The DVD Extra As Creative Alibi

Saturday afternoon + evening: to Wanstead for a screenplay writing session with Stuart N. Never done this style of writing before: two people in a room throwing ideas about, writing them down. It does force you to get something done: I refuse to leave until we’ve plotted out the rest of the story and given it an ending. And we do.

The distraction with two-person writing sessions is, of course, to just sit and chat about shared interests, or gossip about friends or people in the news, or show the other person a book or film or internet article that they’d like. We do that too, but just about manage to keep it in its place. The sense of needing to get back to work is doubled, and harder to avoid. It’s easier to work than not work.

We both chat about the excellent film In Bruges, for instance, but Mr N also praises the deleted scenes on the DVD, which I hadn’t seen. So he shows me them on his TV – but only AFTER we’ve finished writing.  And indeed, there’s two memorable cut scenes which are frankly better than some entire non-deleted movies.

One scene stars Matt Smith, now known as the next Doctor Who. He plays the younger version of Ralph Fiennes’s Kray-like gangster in a flashback to the early 70s, strolling casually into a London police station to enact revenge on a detective.

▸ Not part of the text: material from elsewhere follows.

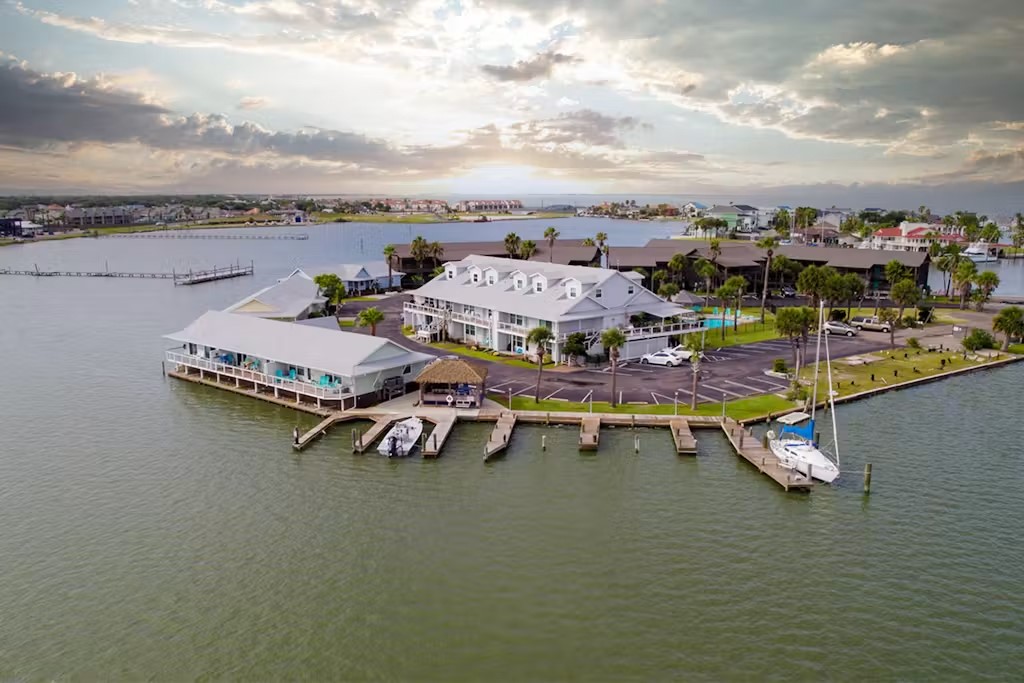 71 Nassau Drive 402 Rockport TX 78382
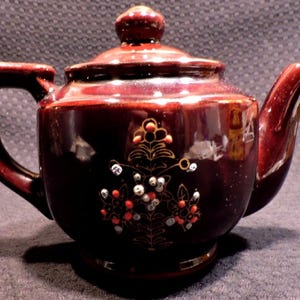 Vintage Mid Century Hand Painted Red Ware Teapot – Floral Dots, Brown Glaze, Japan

The revenge itself is violent, surreal, highly unlikely, and really rather brilliant.

I can see why the scene was cut, but given the expense and effort that went into it – period hair, clothes and locations not used elsewhere, actors hired purely for that one scene – plus one special effect – it must have been a pretty hard decision.

Another quick scene features Ralph Fiennes on the Eurostar, quietly dealing with an irritating passenger via a fantastic put-down straight out of Derek & Clive. Like the Matt Smith scene, it justifies the invention of DVD extras, those digital alibis of the cutting room floor.